---------- Material provided
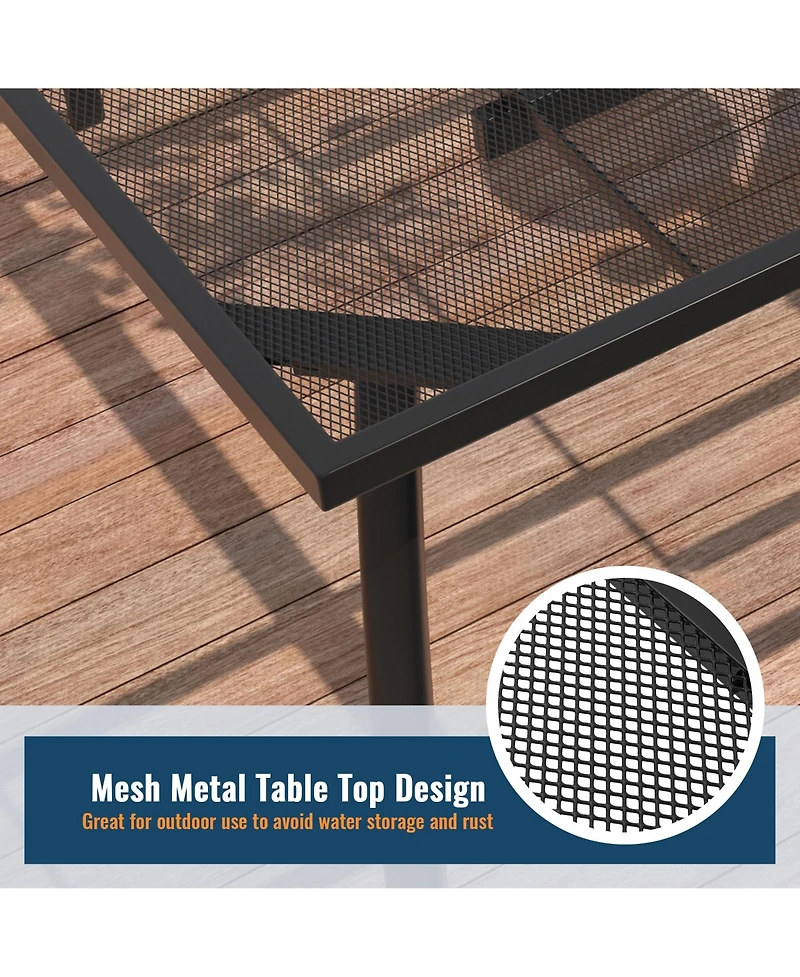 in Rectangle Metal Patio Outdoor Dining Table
--------------------
---------- Material provided
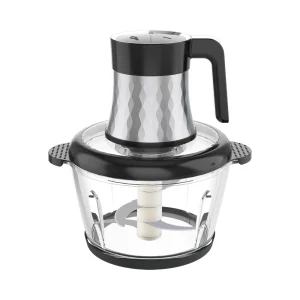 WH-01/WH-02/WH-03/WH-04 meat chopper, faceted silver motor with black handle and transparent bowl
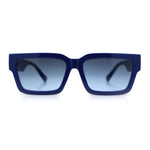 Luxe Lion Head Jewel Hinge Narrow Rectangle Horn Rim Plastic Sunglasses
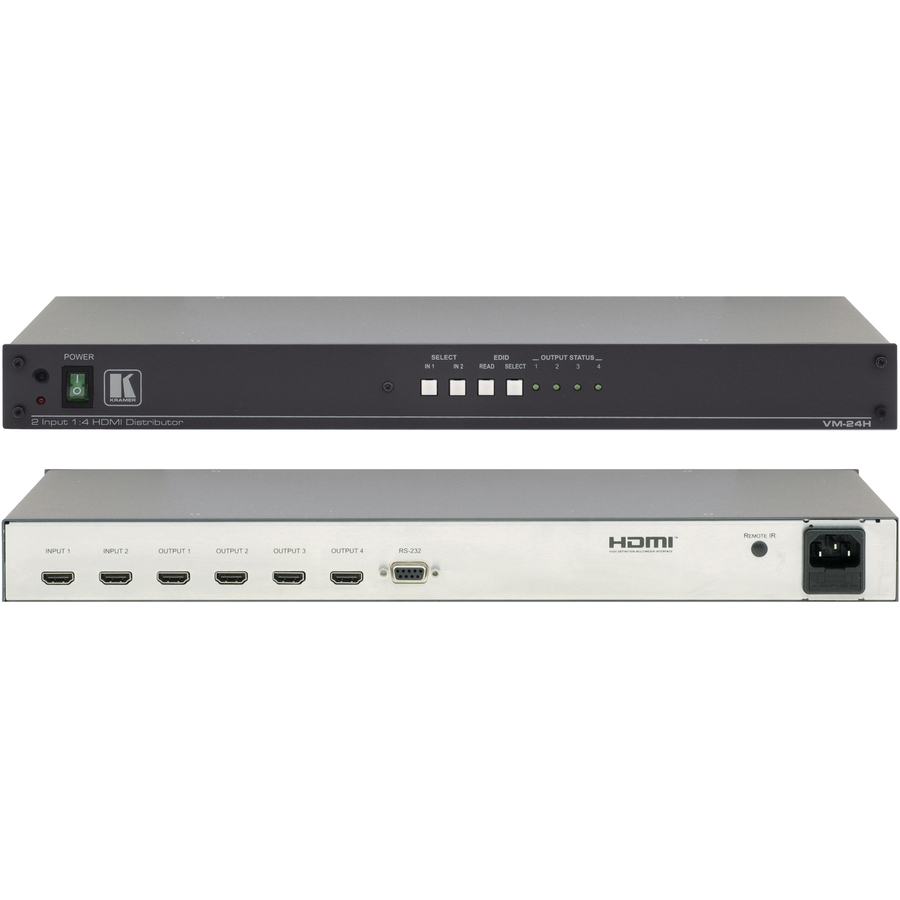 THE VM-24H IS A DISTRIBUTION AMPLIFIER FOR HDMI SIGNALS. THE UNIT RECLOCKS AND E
--------------------
> _Task to complete_: Without the pictures, set down the lines above from the line with "WH-01/WH-02/WH-03/WH-04 meat chopper, faceted" up to and including the line with "THE VM-24H IS" exactly as they stand.

> _Exercise result_:
 WH-01/WH-02/WH-03/WH-04 meat chopper, faceted silver motor with black handle and transparent bowl
 Luxe Lion Head Jewel Hinge Narrow Rectangle Horn Rim Plastic Sunglasses
 THE VM-24H IS A DISTRIBUTION AMPLIFIER FOR HDMI SIGNALS. THE UNIT RECLOCKS AND E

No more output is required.